→ TRY IT
Reproduce exactly the lines below from the one containing "8 Tips for Taking Epic Adventure Photos" through the one containing "PTC #LiveWorx", including both, and nothing else.

+===+

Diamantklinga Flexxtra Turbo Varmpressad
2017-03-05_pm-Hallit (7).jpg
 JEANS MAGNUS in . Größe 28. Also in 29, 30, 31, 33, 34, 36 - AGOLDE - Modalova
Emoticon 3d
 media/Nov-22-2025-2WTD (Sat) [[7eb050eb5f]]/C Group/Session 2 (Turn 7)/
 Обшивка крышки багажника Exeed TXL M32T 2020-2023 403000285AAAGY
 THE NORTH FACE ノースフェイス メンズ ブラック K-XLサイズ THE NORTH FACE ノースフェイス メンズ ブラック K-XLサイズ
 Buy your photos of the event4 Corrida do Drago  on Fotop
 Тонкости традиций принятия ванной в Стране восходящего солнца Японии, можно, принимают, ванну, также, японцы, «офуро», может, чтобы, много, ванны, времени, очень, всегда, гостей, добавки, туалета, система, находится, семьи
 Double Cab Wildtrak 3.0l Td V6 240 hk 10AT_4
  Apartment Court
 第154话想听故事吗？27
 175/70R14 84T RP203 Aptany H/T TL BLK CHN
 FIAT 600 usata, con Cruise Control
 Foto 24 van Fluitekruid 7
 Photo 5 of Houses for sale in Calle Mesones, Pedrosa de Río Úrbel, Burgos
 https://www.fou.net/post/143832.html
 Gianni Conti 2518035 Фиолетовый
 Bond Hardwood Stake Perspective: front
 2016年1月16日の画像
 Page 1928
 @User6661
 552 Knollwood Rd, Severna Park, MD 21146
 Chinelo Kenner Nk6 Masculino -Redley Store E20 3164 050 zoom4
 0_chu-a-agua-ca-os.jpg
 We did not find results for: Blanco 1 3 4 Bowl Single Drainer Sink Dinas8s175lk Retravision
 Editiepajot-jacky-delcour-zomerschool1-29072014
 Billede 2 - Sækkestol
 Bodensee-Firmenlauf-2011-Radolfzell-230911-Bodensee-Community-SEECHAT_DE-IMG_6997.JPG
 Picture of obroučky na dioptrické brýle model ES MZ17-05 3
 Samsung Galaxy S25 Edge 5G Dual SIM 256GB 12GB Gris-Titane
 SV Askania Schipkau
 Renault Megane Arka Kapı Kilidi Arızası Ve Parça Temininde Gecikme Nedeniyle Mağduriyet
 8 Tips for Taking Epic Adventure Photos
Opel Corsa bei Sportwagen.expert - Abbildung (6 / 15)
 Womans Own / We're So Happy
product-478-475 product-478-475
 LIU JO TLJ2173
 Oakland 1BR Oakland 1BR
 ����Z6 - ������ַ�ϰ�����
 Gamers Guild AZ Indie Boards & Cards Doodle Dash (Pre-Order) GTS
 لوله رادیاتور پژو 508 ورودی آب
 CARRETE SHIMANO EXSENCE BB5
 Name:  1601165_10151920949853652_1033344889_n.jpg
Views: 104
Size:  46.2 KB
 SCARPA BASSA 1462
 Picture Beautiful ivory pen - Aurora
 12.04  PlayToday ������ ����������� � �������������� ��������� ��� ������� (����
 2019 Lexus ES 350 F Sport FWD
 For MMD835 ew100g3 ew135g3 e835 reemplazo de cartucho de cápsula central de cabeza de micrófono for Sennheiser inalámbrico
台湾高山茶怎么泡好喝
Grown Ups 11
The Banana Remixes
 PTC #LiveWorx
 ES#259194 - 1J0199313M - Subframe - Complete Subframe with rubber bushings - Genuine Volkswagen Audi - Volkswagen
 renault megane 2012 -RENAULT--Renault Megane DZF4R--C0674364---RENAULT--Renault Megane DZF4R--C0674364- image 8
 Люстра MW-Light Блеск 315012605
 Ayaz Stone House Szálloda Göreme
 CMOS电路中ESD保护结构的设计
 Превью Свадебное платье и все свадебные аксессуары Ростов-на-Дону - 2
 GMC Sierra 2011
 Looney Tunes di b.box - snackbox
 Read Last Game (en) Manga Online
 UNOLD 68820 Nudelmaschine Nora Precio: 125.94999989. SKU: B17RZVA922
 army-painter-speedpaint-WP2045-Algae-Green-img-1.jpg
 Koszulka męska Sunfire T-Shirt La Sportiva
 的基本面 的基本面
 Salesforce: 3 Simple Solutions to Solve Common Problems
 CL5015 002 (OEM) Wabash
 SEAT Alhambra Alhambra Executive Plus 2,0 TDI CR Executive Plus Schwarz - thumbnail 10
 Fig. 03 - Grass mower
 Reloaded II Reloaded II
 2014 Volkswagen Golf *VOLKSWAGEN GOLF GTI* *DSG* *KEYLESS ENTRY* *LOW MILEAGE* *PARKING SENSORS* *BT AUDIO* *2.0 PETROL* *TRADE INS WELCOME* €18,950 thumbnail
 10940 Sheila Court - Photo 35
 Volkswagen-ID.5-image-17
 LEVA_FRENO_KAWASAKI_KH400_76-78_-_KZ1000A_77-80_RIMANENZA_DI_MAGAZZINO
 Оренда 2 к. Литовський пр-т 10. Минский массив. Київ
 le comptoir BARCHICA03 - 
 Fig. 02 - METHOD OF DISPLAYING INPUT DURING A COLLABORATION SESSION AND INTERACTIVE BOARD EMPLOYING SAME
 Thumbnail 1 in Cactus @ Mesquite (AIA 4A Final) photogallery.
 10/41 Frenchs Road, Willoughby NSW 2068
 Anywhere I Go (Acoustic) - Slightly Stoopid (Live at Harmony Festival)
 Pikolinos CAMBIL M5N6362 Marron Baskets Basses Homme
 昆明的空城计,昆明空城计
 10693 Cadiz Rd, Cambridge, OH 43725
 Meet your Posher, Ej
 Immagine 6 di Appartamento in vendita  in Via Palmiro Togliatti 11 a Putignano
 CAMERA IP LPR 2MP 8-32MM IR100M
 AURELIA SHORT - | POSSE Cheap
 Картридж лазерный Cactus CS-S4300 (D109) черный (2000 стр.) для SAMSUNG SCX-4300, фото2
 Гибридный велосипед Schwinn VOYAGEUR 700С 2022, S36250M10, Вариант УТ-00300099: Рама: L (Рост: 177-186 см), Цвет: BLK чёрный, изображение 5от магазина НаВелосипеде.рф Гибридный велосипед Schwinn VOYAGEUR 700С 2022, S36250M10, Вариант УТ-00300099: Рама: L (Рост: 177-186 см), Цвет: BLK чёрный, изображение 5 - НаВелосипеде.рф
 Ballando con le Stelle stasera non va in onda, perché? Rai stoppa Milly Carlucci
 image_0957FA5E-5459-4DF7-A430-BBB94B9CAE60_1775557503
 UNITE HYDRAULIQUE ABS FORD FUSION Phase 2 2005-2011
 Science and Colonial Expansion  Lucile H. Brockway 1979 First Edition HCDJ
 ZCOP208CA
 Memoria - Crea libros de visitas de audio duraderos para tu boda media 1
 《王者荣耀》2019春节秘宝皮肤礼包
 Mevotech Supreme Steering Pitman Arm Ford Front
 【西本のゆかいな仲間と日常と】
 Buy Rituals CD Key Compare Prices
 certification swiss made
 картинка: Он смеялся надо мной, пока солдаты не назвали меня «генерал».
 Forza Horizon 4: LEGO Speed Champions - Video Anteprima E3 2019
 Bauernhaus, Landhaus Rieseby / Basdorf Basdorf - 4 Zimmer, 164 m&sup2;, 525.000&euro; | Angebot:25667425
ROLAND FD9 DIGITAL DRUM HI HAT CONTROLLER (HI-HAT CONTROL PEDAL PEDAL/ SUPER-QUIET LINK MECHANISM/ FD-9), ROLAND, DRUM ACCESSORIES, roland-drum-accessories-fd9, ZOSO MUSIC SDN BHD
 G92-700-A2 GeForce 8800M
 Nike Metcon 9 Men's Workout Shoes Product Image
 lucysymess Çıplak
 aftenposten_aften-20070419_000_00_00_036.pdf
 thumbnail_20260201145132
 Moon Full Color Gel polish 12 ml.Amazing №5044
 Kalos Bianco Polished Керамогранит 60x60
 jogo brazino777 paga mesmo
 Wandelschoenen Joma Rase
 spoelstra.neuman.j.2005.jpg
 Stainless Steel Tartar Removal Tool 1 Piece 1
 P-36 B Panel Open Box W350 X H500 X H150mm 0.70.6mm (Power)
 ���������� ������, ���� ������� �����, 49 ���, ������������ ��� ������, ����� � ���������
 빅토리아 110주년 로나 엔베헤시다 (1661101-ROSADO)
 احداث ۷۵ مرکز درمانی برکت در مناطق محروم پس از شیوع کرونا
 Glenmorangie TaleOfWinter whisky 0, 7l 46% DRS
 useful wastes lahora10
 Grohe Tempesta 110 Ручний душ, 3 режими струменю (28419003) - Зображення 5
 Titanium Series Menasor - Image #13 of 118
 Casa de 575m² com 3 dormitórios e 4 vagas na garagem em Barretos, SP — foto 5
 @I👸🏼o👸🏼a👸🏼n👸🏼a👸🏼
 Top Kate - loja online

+===+

→ ANSWER BELOW
 8 Tips for Taking Epic Adventure Photos
Opel Corsa bei Sportwagen.expert - Abbildung (6 / 15)
 Womans Own / We're So Happy
product-478-475 product-478-475
 LIU JO TLJ2173
 Oakland 1BR Oakland 1BR
 ����Z6 - ������ַ�ϰ�����
 Gamers Guild AZ Indie Boards & Cards Doodle Dash (Pre-Order) GTS
 لوله رادیاتور پژو 508 ورودی آب
 CARRETE SHIMANO EXSENCE BB5
 Name:  1601165_10151920949853652_1033344889_n.jpg
Views: 104
Size:  46.2 KB
 SCARPA BASSA 1462
 Picture Beautiful ivory pen - Aurora
 12.04  PlayToday ������ ����������� � �������������� ��������� ��� ������� (����
 2019 Lexus ES 350 F Sport FWD
 For MMD835 ew100g3 ew135g3 e835 reemplazo de cartucho de cápsula central de cabeza de micrófono for Sennheiser inalámbrico
台湾高山茶怎么泡好喝
Grown Ups 11
The Banana Remixes
 PTC #LiveWorx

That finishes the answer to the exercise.